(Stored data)
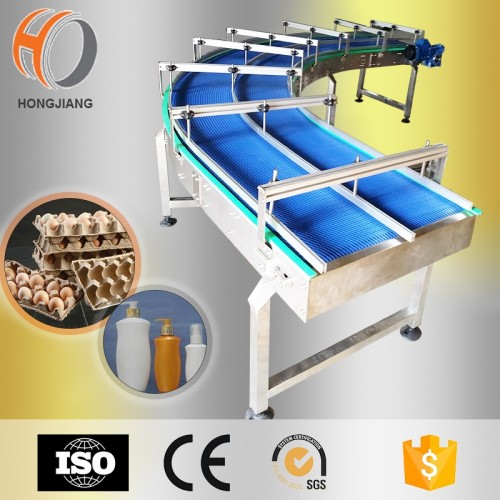 Curve conveyor system with modular belt for packing machine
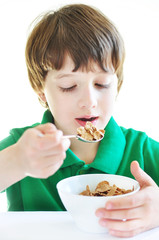 Smiling boy eating his cereal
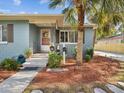 Close up view of the inviting front porch, exterior with well manicured landscaping at 1225 26Th N St, St Petersburg, FL 33713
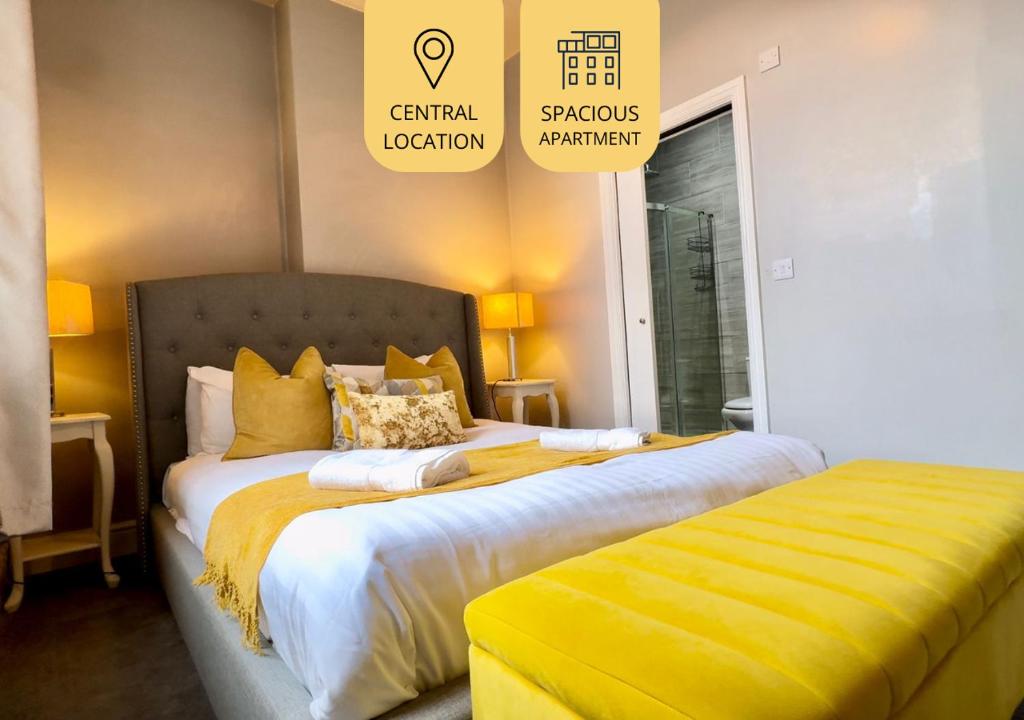 a bedroom with a large bed with yellow sheets at Central - Business Stays - Relocating in Harrogate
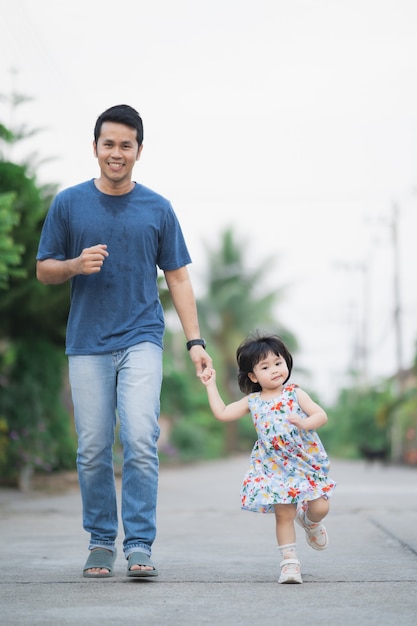 Padre e figlia che corrono per strada, concetto di famiglia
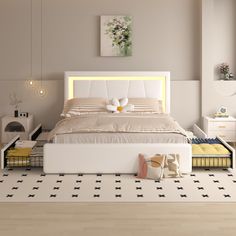 a white bed sitting on top of a wooden floor next to a night stand and lamp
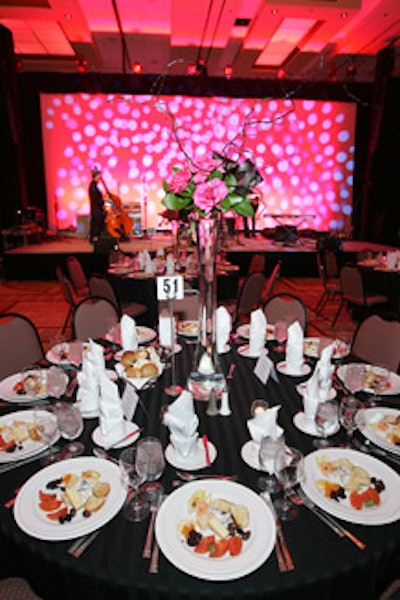 Frost Lighting created a pink color scheme for dinner in the hotel's ballroom.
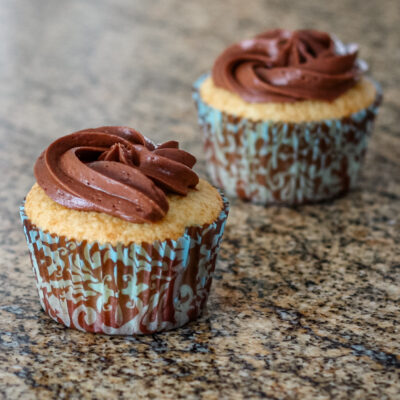 Cupcakes on the countertop, frosted with creamy chocolate frosting.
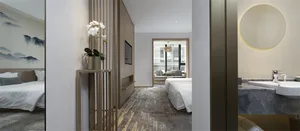 A modern hotel suite featuring white wood, marble, and fabric.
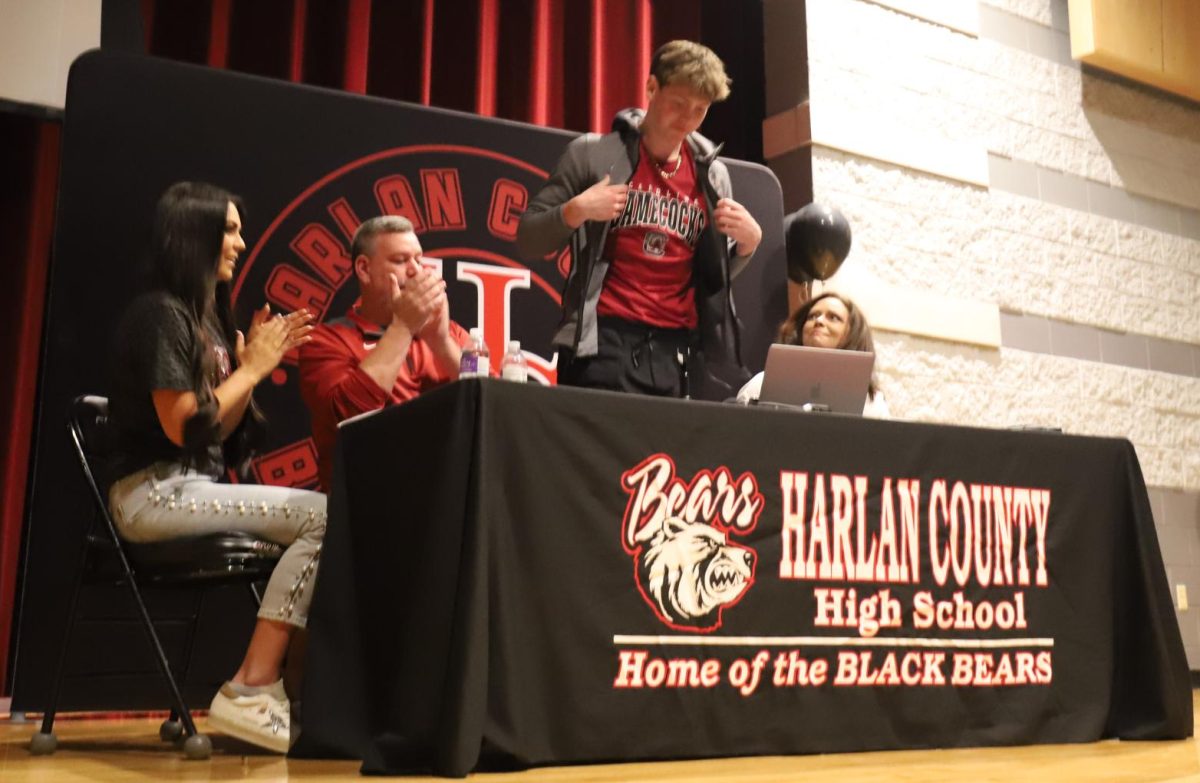 Harlan County senior guard Trent Noah announced recently he would continue his basketball/academic career at South Carolina. Noah is pictured with his parents, Dondi and Stacy, and his sister, Emersyn.
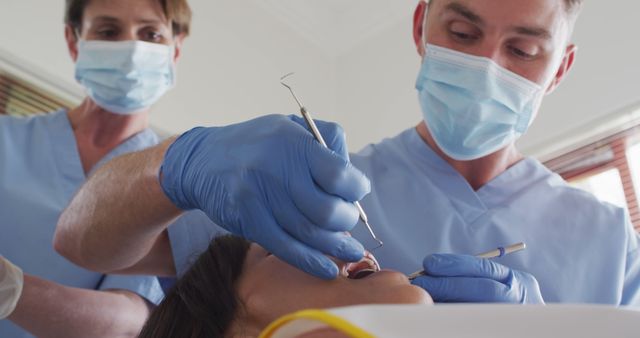 Dentists Performing Dental Check-up on Patient - Download Free Stock Images Pikwizard.com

PROBLEM DESCRIPTION:
Could you repeat each line above exactly as written? Omit the pictures.

TASK RESULT:
 Curve conveyor system with modular belt for packing machine
 Smiling boy eating his cereal
 Close up view of the inviting front porch, exterior with well manicured landscaping at 1225 26Th N St, St Petersburg, FL 33713
 a bedroom with a large bed with yellow sheets at Central - Business Stays - Relocating in Harrogate
 Padre e figlia che corrono per strada, concetto di famiglia
 a white bed sitting on top of a wooden floor next to a night stand and lamp
 Frost Lighting created a pink color scheme for dinner in the hotel's ballroom.
 Cupcakes on the countertop, frosted with creamy chocolate frosting.
 A modern hotel suite featuring white wood, marble, and fabric.
 Harlan County senior guard Trent Noah announced recently he would continue his basketball/academic career at South Carolina. Noah is pictured with his parents, Dondi and Stacy, and his sister, Emersyn.
 Dentists Performing Dental Check-up on Patient - Download Free Stock Images Pikwizard.com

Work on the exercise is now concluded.